- [ACTIVITY] Take the lines from the one containing "1-к квартира, вторичка, 46м2, 4/6 этаж" through the final line below and restate them exactly. Omit the pictures.

+++ MATERIAL SHOWN +++

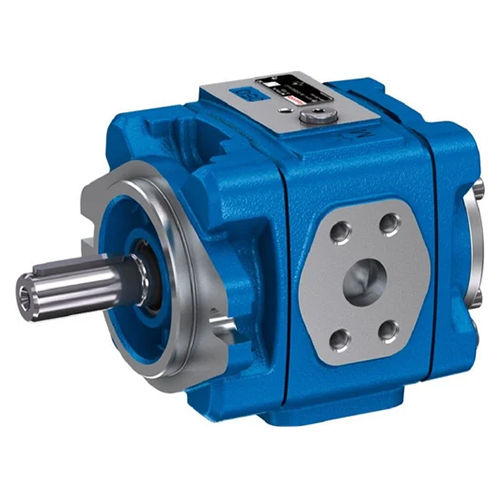 Rexroth Hydraulic Pump Body Material: Steel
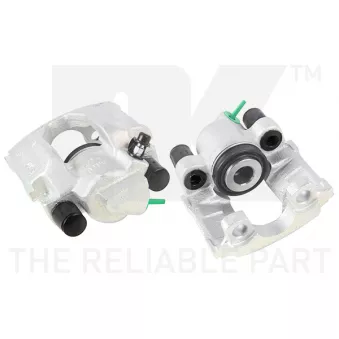 Étrier de frein arrière gauche NK OEM 34211157791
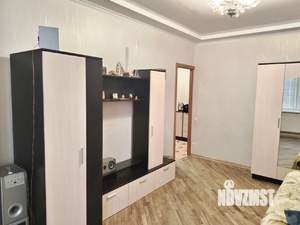 1-к квартира, вторичка, 46м2, 4/6 этаж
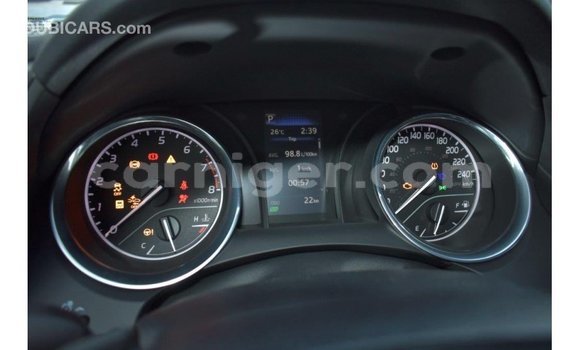 Sayi Imported Toyota Camry Black Mota in Import - Dubai a Agadez Sayi Imported Toyota Camry Black Mota in Import - Dubai a Agadez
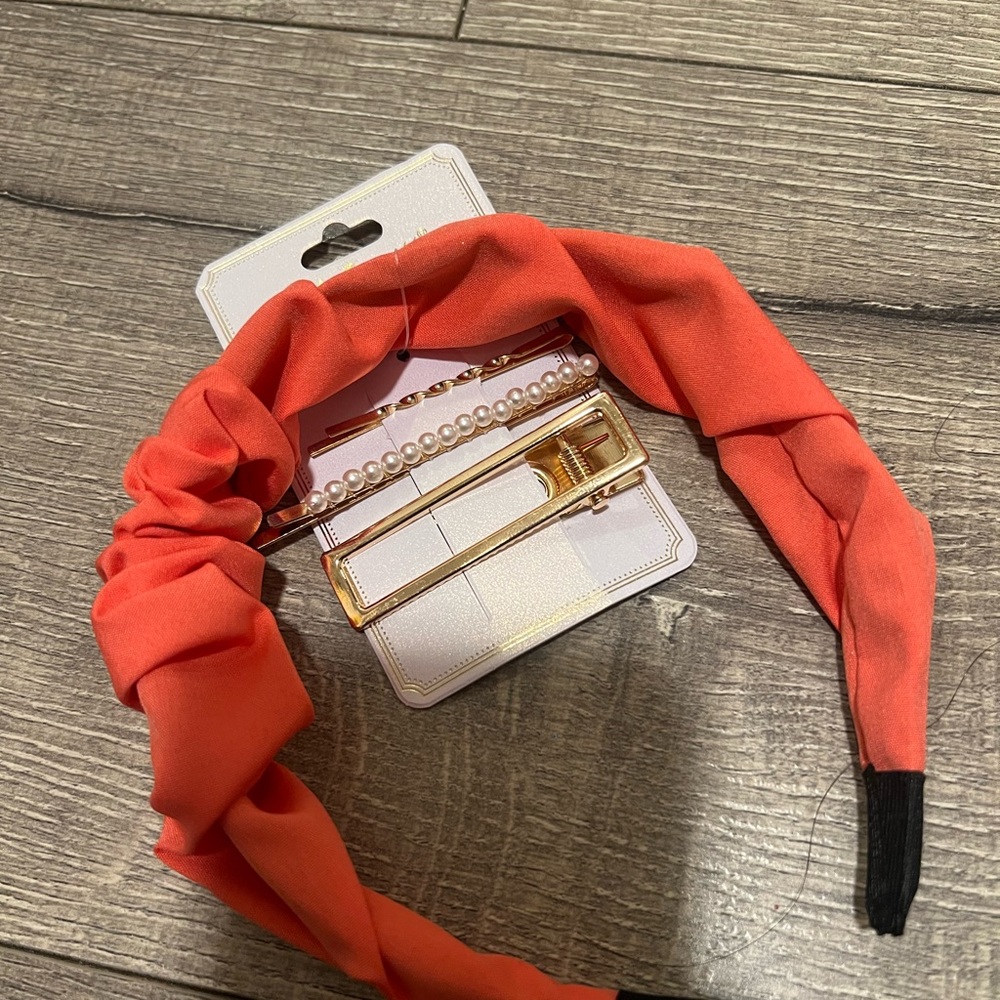 Headband & hair accessories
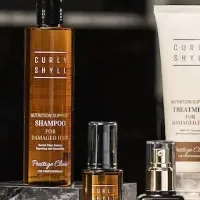 CURLYSHYLL日本進出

+++

- [SOLUTION TO THIS PROBLEM]
 1-к квартира, вторичка, 46м2, 4/6 этаж
 Sayi Imported Toyota Camry Black Mota in Import - Dubai a Agadez Sayi Imported Toyota Camry Black Mota in Import - Dubai a Agadez
 Headband & hair accessories
 CURLYSHYLL日本進出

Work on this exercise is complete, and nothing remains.